# RECORDED INFORMATION
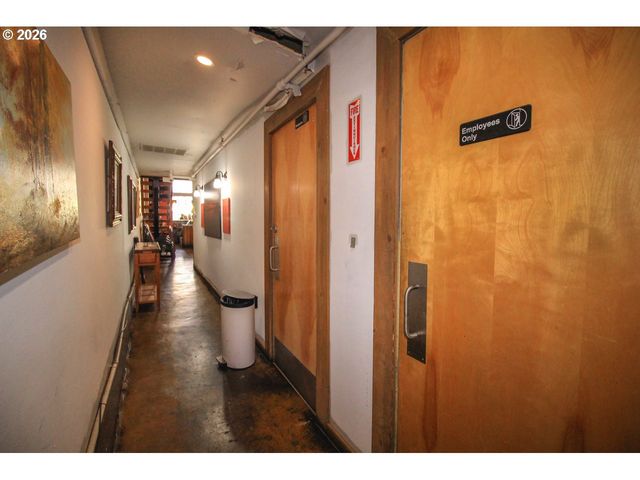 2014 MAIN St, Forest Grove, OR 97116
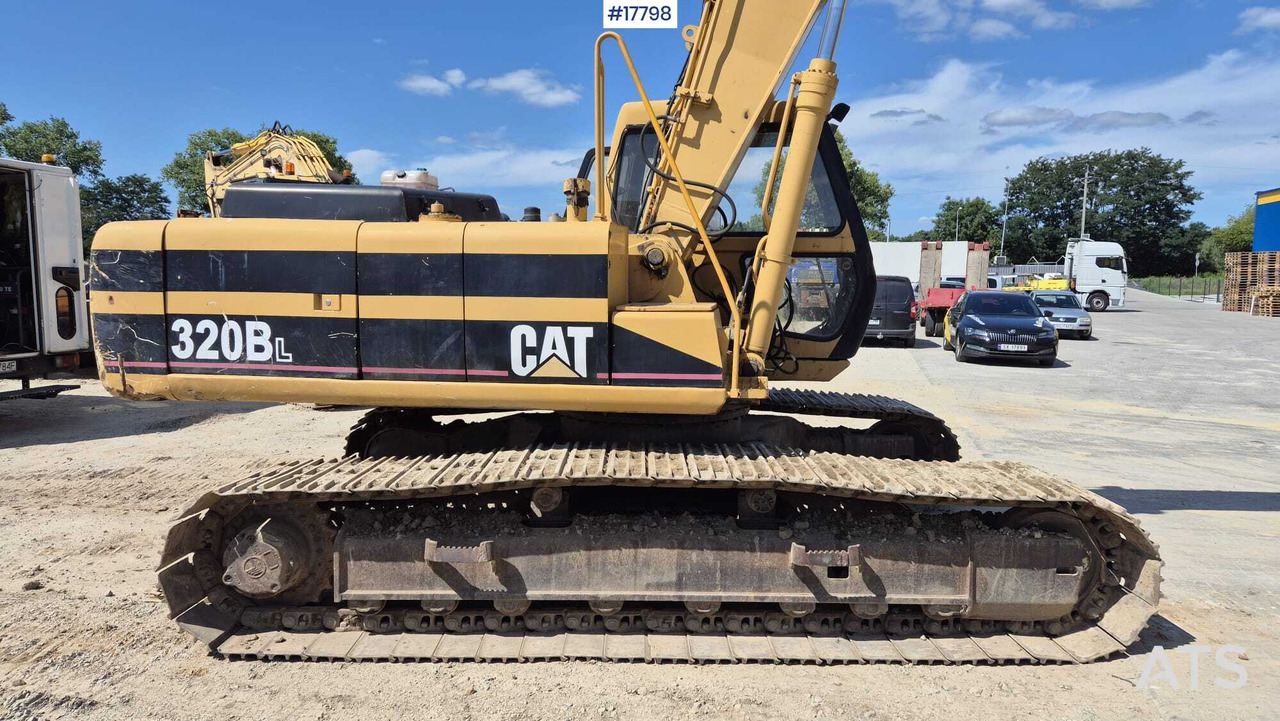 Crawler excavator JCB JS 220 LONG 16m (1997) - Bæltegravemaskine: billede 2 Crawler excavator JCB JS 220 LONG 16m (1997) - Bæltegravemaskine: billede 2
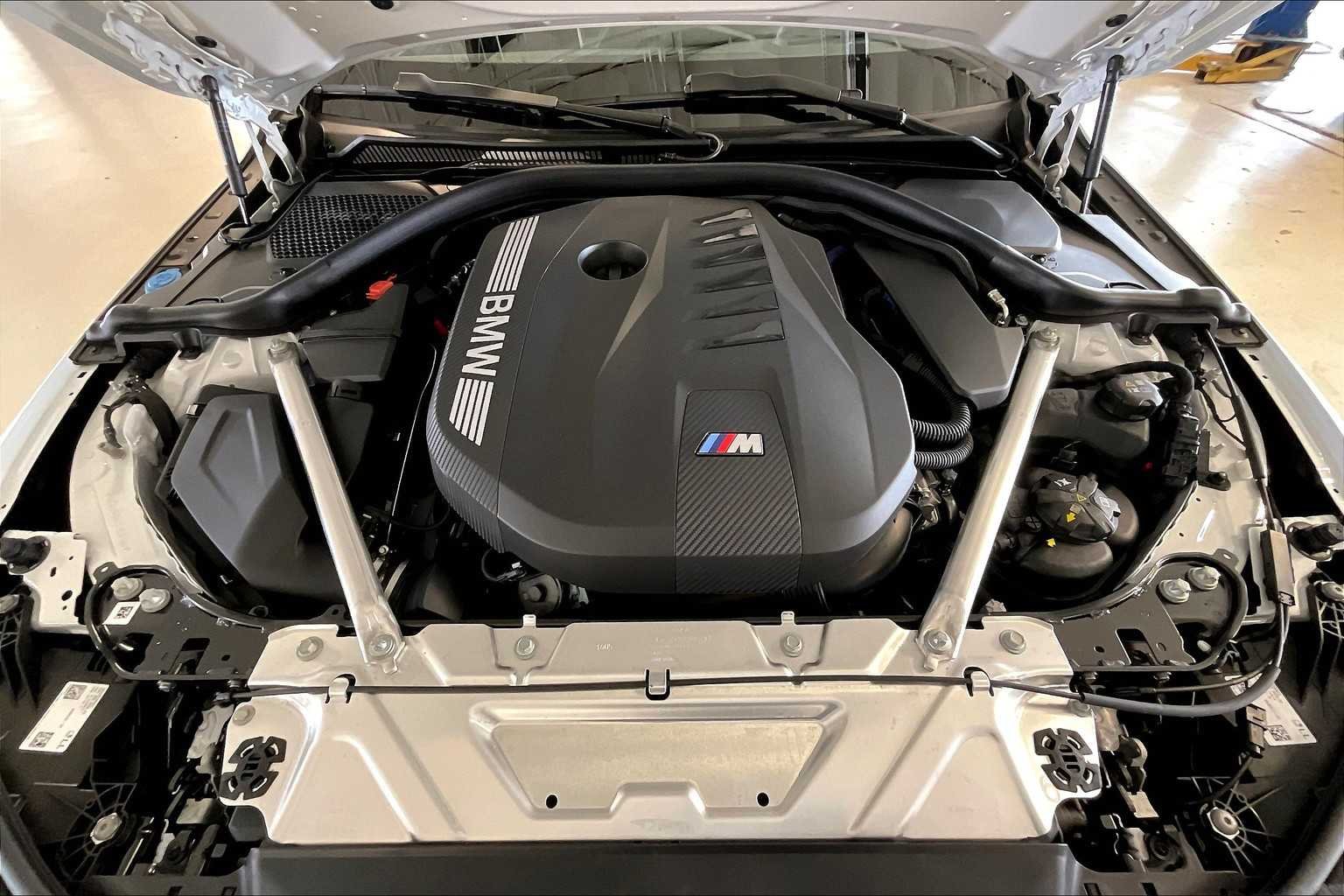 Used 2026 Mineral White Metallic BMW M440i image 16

---

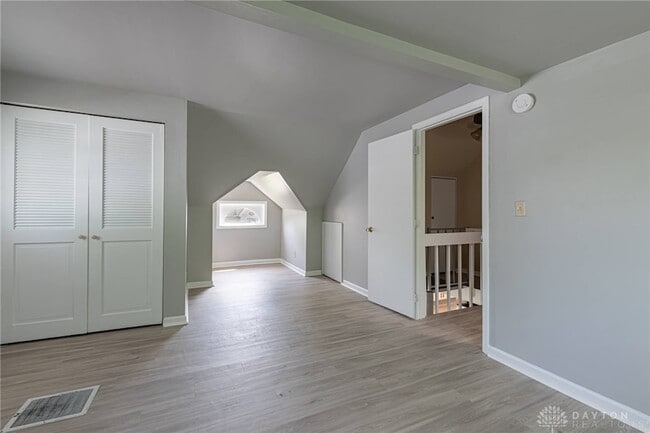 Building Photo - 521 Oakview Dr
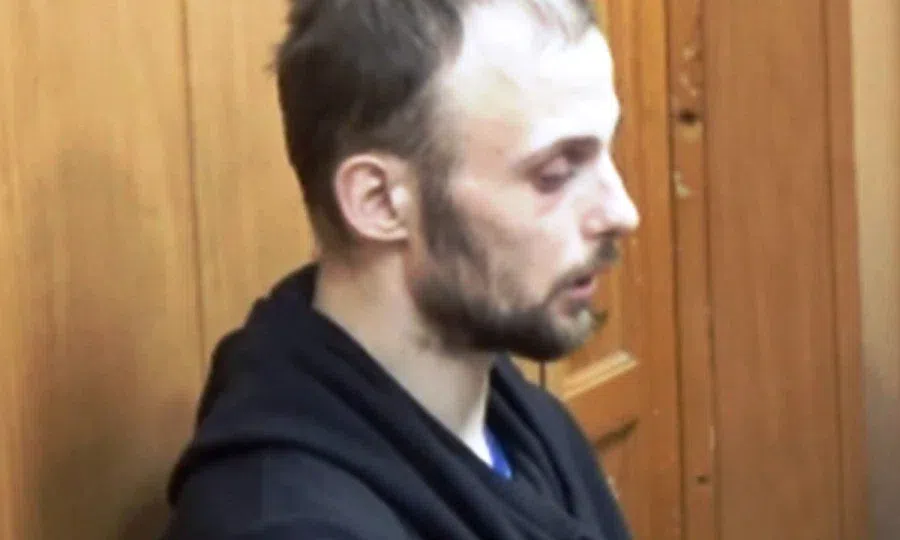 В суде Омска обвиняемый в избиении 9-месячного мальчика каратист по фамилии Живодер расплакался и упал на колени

# REQUIREMENT
From the records above, copy exactly the stretch from the line holding "2014 MAIN St, Forest Grove, OR 97116" through the line holding "Used 2026 Mineral", both ends included, without the pictures.

# SOLVED PROBLEM
 2014 MAIN St, Forest Grove, OR 97116
 Crawler excavator JCB JS 220 LONG 16m (1997) - Bæltegravemaskine: billede 2 Crawler excavator JCB JS 220 LONG 16m (1997) - Bæltegravemaskine: billede 2
 Used 2026 Mineral White Metallic BMW M440i image 16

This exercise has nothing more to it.